Deep Learning for Soil Moisture Estimation: Fusing Satellite Data with Optimally-Lagged Meteorological Features
Pith reviewed 2026-06-26 14:32 UTC · model grok-4.3
The pith
Incorporating time-lagged meteorological data and soil depth information improves deep learning models for estimating soil moisture from satellite observations.
A machine-rendered reading of the paper's core claim, the machinery that carries it, and where it could break.
Core claim
The study shows that determining optimal temporal lags (0-30 days) for meteorological variables and inter-depth lags (0-15 days) using cross-correlation, and incorporating them into CNN, LSTM, and CNN-LSTM models, leads to better soil moisture prediction, with the hybrid model achieving R^2 of 0.930 on held-out data.
What carries the argument
The Cross-Correlation Function (CCF) methodology to determine optimal temporal lags between meteorological variables and soil moisture, as well as inter-depth lags describing vertical moisture propagation from the surface to deeper layers.
If this is right
- Meteorological variables with optimal lags improve performance compared to using satellite data alone.

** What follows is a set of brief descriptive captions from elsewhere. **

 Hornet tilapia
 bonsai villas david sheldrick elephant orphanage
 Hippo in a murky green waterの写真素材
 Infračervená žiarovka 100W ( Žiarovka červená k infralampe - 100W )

- Including subsurface depth information is decisive for accurate predictions across all tested model architectures.
- A per-pixel CNN achieves the strongest single-patch result with R^2 of 0.877.

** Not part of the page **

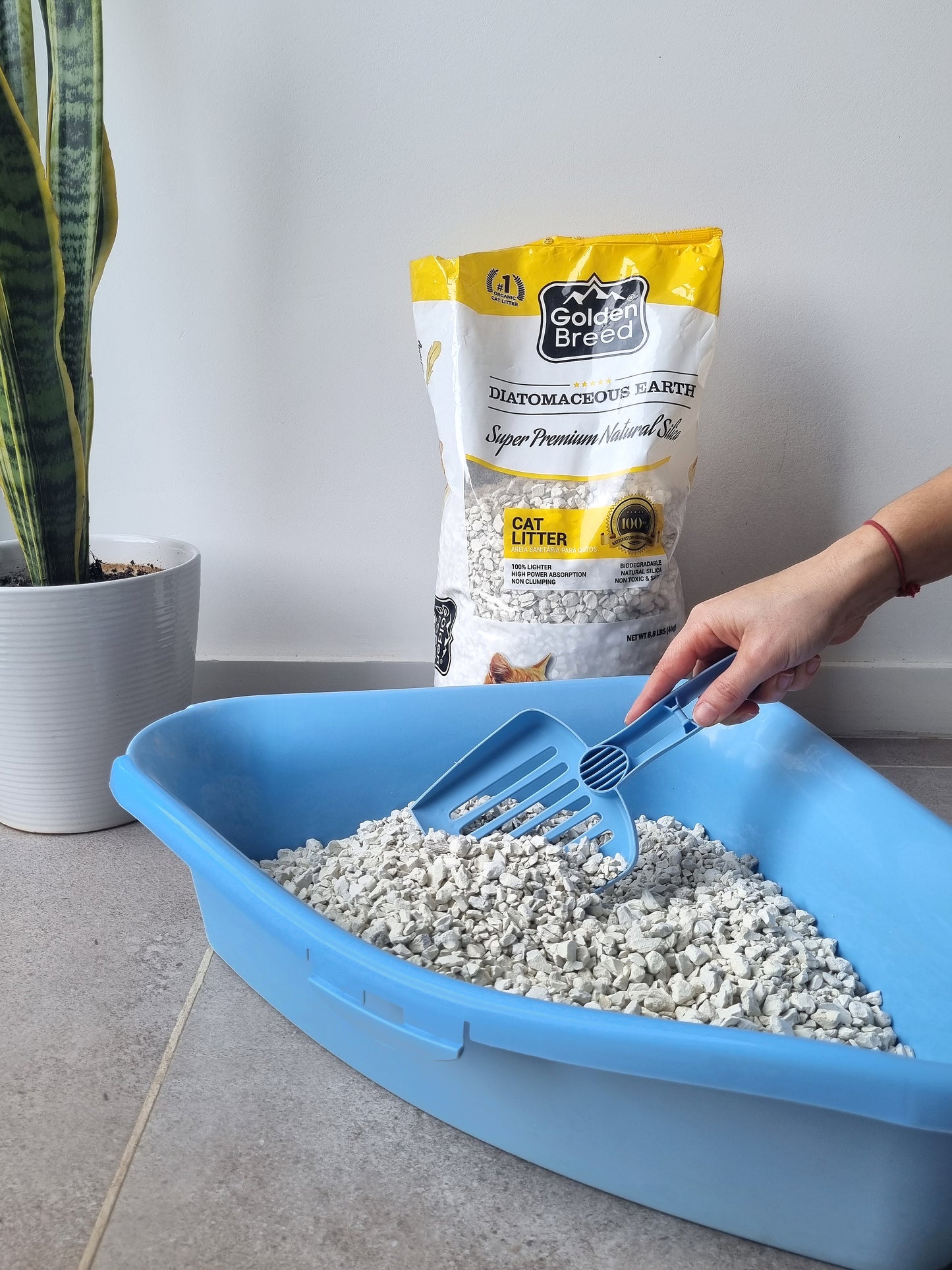 Golden Breed - Unscented Cat Litter (8.8 lbs)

- A pooled CNN-LSTM hybrid reaches the highest overall performance with R^2 of 0.930.
Where Pith is reading between the lines
- The lag selection process might transfer to estimating other delayed environmental processes such as groundwater response.

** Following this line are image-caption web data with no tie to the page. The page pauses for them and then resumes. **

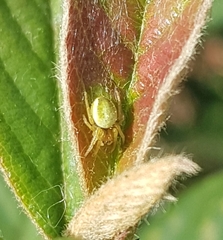 Araniella cucurbitina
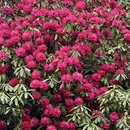 毕节旅游 缩略图 14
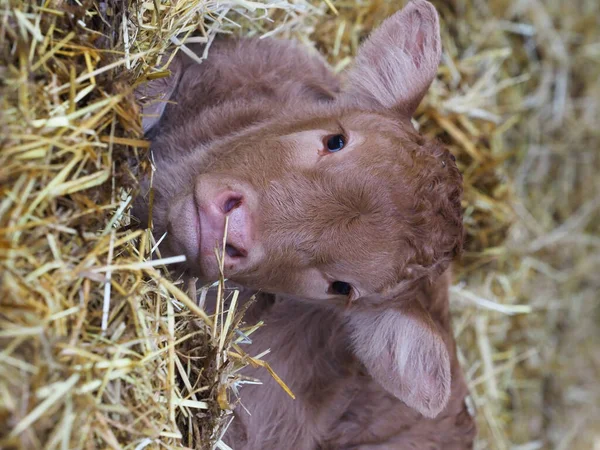 Head Shot Very Young Calf Laying Straw Bed — Stock Photo, Image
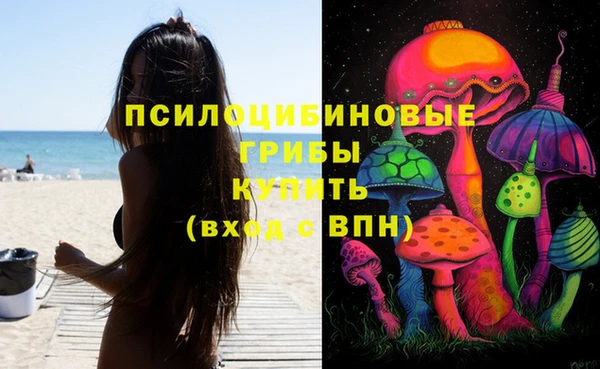 Альфа ПВП Мегион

- Retraining the lag finder on new regions could be necessary if physical conditions differ substantially from the original plots.
- The multi-patch training strategy indicates that pooling data from multiple sites aids generalization within similar agricultural settings.
Load-bearing premise
The lags selected via cross-correlation on the training plots capture generalizable physical delays rather than dataset-specific correlations or noise.
What would settle it
Retraining and testing the models on data from a different semi-arid region without re-computing the lags from cross-correlation, and checking if the performance improvement over the satellite-only baseline holds or vanishes.
Figures
read the original abstract
Accurate soil moisture estimation in semi-arid agricultural regions requires integrating remote sensing and meteorological information while accounting for the delayed response of soil moisture to atmospheric forcing. This study introduces a Cross-Correlation Function (CCF) methodology to determine optimal temporal lags (0-30 days) between meteorological variables and soil moisture, as well as inter-depth lags (0-15 days) describing vertical moisture propagation from the surface (10 cm) to deeper layers (20-50 cm). The approach was validated across seven agricultural plots in southeastern Spain. Three deep learning architectures, each targeting a distinct prediction granularity, were evaluated under five feature configurations ranging from satellite-only to full satellite-meteorology-depth fusion: a CNN for per-pixel estimation within each plot, an LSTM for frame-level (daily plot-mean) prediction, and a CNN-LSTM hybrid operating on sliding windows with pooled multi-patch training. Models were assessed on held-out data to measure genuine generalisation. Meteorological variables improved performance over the satellite-only baseline, while subsurface depth information proved decisive across all architectures. The per-pixel CNN achieved the strongest single-patch result (R^2 = 0.877, RMSE = 2.28), with a seven-patch average R^2 of 0.535, representing an improvement of +1.00 over the satellite-only baseline. The pooled CNN-LSTM hybrid obtained the highest overall performance (R^2 = 0.930, CVRMSE = 8.0%). These results demonstrate that explicitly modelling atmospheric and vertical subsurface delays substantially improves soil moisture estimation for precision agriculture.
Editorial analysis
A structured set of objections, weighed in public.
Referee Report
Summary. The paper claims that a Cross-Correlation Function (CCF) approach can identify optimal temporal lags (0-30 days for meteorological variables, 0-15 days for inter-depth propagation) between satellite observations, meteorological drivers, and soil moisture at multiple depths. These lagged features are then fused into three deep-learning architectures (per-pixel CNN, LSTM, and CNN-LSTM hybrid) and evaluated on held-out data from seven agricultural plots in southeastern Spain. The central empirical result is that adding the optimally lagged meteorological and subsurface-depth features produces substantial gains over a satellite-only baseline, with the pooled CNN-LSTM hybrid reaching R² = 0.930 and the per-pixel CNN achieving a seven-plot average R² = 0.535 (+1.00 over baseline).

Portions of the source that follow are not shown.